Try having them discuss the idea with their thinking groups and reconvene with their final guesses. Then (after a drumroll) reveal to the students that it would take ONLY 47 folds (obviously 'theoretical' folds - I mentioned that Myth Buster's TV show has tried this) to make it to the moon. To wrap up the activity, connect the data to the graph: Imagine how high through the ceiling our output would be at 2^47 – this is exponential growth at its finest! This type of growth is SO IMPORTANT but SO DIFFICULT for human minds to grasp. We will take a financial look at its importance in the coming days.
(In the back of my mind, I know that my favorite exponential growth lesson is coming soon! I hook the kids with an easy "paper-folding" example, and will look even deeper into exponential growth in the upcoming days. In each case I really emphasize that LINEAR GROWTH is easy for most human minds to graph, but relatively FEW have an understanding of the power of EXPONENTIAL GROWTH. It really gets their attention once I mix in dollars and cents!)

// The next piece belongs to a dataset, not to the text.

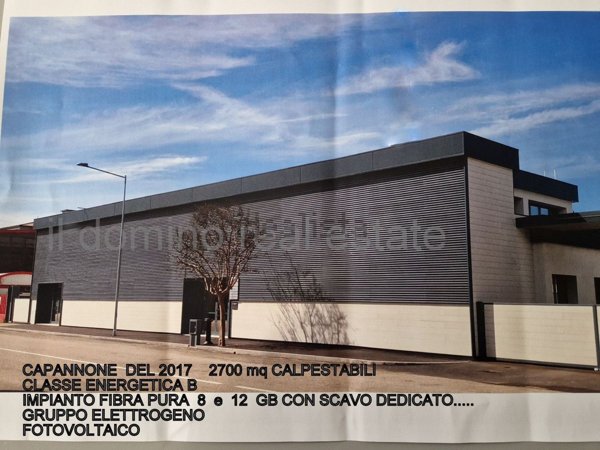 capannone in vendita a Padova in zona San Lazzaro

B) Guided Practice/Skill Building
Students should be able to see that rational exponents are a combination of a power and a root. They should also be able to use the existing rules of exponents (our prior knowledge piece) to extend these concepts to rational exponents. I do an example or two on the board prior to giving the assignment. (Since the mathematical symbolism will be much easier to see and understand I a video, I will upload the link to this in a future reflection.)
Resources: Video coming soon!
A) Homework Time
Distribute assignment and allow time to work/ask questions. I typically assign problems out of our course textbook for this lesson, because it aligns nicely. However, you could easily create your own.
Optional “Workshop” for struggling students
Typically a handful of students need a more significant review of exponent laws from Algebra I. I empower (and occasionally need to remind) them to attend this “mini concept review lesson” to get extra support.
B) Lesson Closure – is that all?
Return to the sticky notes graph that we started with and have the students collaborate briefly with their thinking groups over the following question:
Now we can account for A LOT more of the points of y=2^x…but we still can not account for all of them… Why?
IRRATIONAL NUMBERS CAN BE EXPONENTS TOO! (if desired, throw up a slide or diagram of the types of numbers to show that the rationales do not account for every type of exponent that we can have.)
Resources: Mini-whiteboards for additional examples. In this lesson, I elected to utilize our school’s math textbook for the homework assignment. It aligned nicely to the exponential properties we studied in the lesson.